I don’t understand that the peak memory usage of the NVDIA is only 284 MB when the memory size is 4 GB.
I think that performance on my pc is ok except when using diffuse & sharpen……
If there is no tiling, then more memory is not going to help. More processing units in the GPU could help, but that means a physical change to your system.
Try updating the drivers, try the release candidate of dt 4.6, then try posting a -d perf.
That’s what I suspected. So Darktable is using less RAM than stated in the documentation. Great!
Device manager tells me that I have the latest NVIDIA driver dated 23.09.2021.
I can find a driver on NVIDIA.com dated 14.11.2023 but my HP is not mentioned under “supported products” and I don’t know how to revert to my present driver if the new driver, OpenCL and my PC turns out to be incompatible.
The memory used while developing in darkroom is much lower than while exporting.
The amount of required CL memory depends a lot on settings in the specific module.

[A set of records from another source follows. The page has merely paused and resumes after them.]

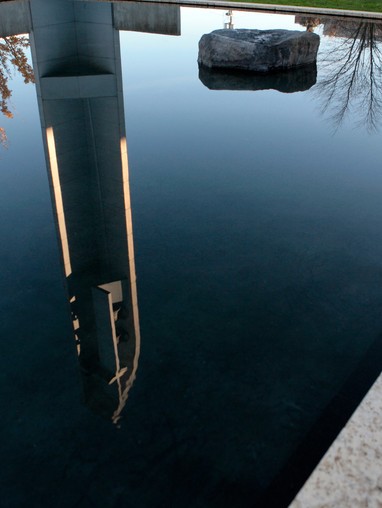 A reflection of the bell tower in the Reflection Pool next to the Chapel of St. Ignatius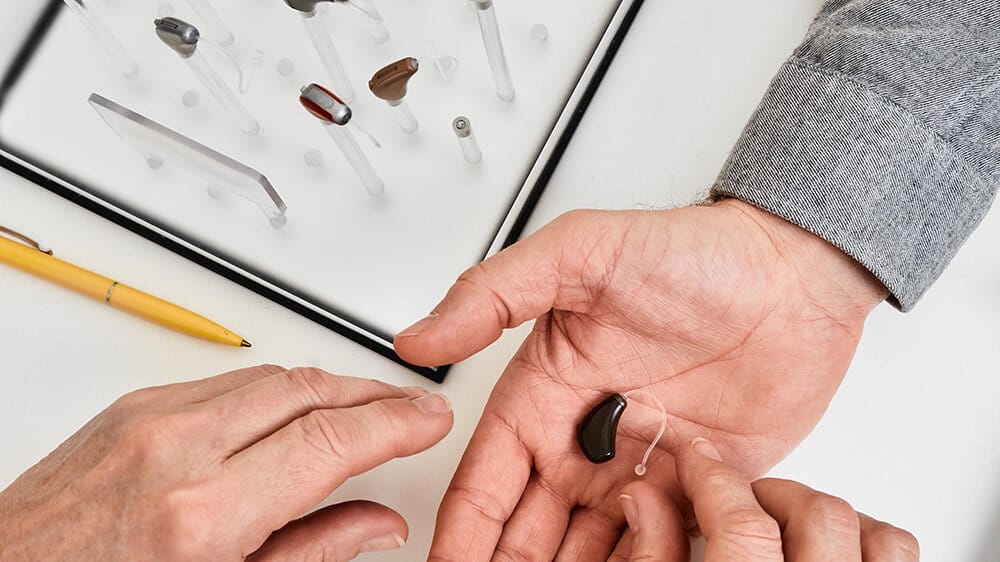 Hearing aid in hand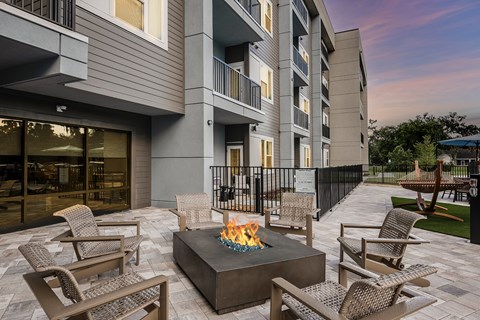 A patio with chairs and a fire pit in front of a building.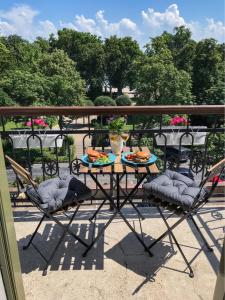 uma mesa e cadeiras com comida numa varanda em Balkon Apartman Horváth Ház Balatonfüred em Balatonfüred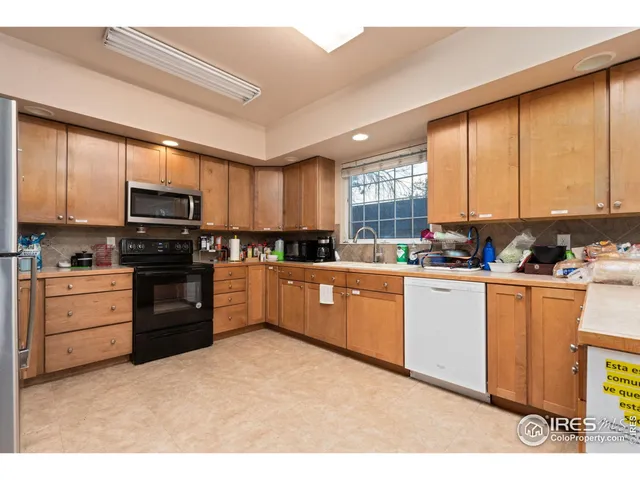 a kitchen with stainless steel appliances granite countertop a stove top oven a sink dishwasher a refrigerator and cabinets with wooden floor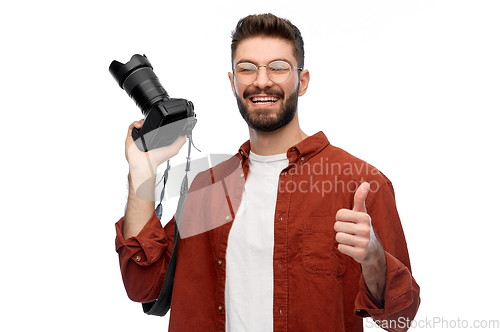 Image of man or photographer with camera showing thumbs up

In d&s we have rhe iterations taking time and the overlapping forcing the system to tile.
There are no significant changes in dt opencl code that reduce memory consumption, in fact some modules now take even more in 4.6 as there were bugs…
Maybe for the given image and stack no more RAM was needed?
If there was no tiling, then the reported max. usage was probably all that was needed.
Could you share the image and the sidecar? I also have an Nvidia card, so I can run a test for you on the latest master branch with the latest Nvidia drivers (under Linux, but the results should be quite similar).
Edit: I’ve edited this response extensively, as I first used a build of darktable from master, compiled 2-3 days ago, and the CPU path was very slow (the export took 5 minutes). Then I built 4.4.2, and the CPU path was much faster, about half a minute; then I re-built master (after updating from git), and it was about the same speed as 4.4.2. The ‘master’ numbers below are from this latest build. (end of note)
Imported the image, opened it in the darkroom, exported as full-resolution JPG. Darktable resource level set to ‘large’.
19.3503 [default_process_tiling_cl_ptp] [export] **** tiling module 'diffuse' for image with size 6036x4020 --> 6036x4020
19.3503 [default_process_tiling_cl_ptp] [export] (3x1) tiles with max dimensions 5000x4020, pinned=OFF, good 2952x1972 and overlap 1024
19.3503 [default_process_tiling_cl_ptp] [export] tile (0,0) size 5000x4020 at origin [0,0]
...
27.1754 [dev_process_export] pixel pipeline processing took 12.428 secs (15.561 CPU)
...
[opencl_summary_statistics] device 'NVIDIA CUDA NVIDIA GeForce GTX 1060 6GB' (0): peak memory usage 5230003200 bytes (4987.7 MB)
[opencl_summary_statistics] device 'NVIDIA CUDA NVIDIA GeForce GTX 1060 6GB' (0): 1493 out of 1493 events were successful and 0 events lost. max event=984
Without OpenCL, the export took 28 seconds:
46.6293 [dev_process_export] pixel pipeline processing took 28.165 secs (282.466 CPU)
With the same flags and 4.4.2 (with a clean, default config created by darktable 4.4.2 right now):
48.4499 [default_process_tiling_cl_ptp] [export] tile (1,0) size 1316x4020 at origin [4720,0]
[...]
48.9268 [dev_process_export] pixel pipeline processing took 13.459 secs (17.917 CPU)
[opencl_summary_statistics] device 'NVIDIA CUDA NVIDIA GeForce GTX 1060 6GB' (0): peak memory usage 4063994980 bytes (3875.7 MB)
[opencl_summary_statistics] device 'NVIDIA CUDA NVIDIA GeForce GTX 1060 6GB' (0): 2002 out of 2002 events were successful and 0 events lost. max event=1440
@g-man : my timings were off, I’ve updated my post.
The time difference (12 seconds for me, <5 seconds for you) shows the power + memory differences between our cards, I think. I guess you don’t get tiling reported with -d tiling.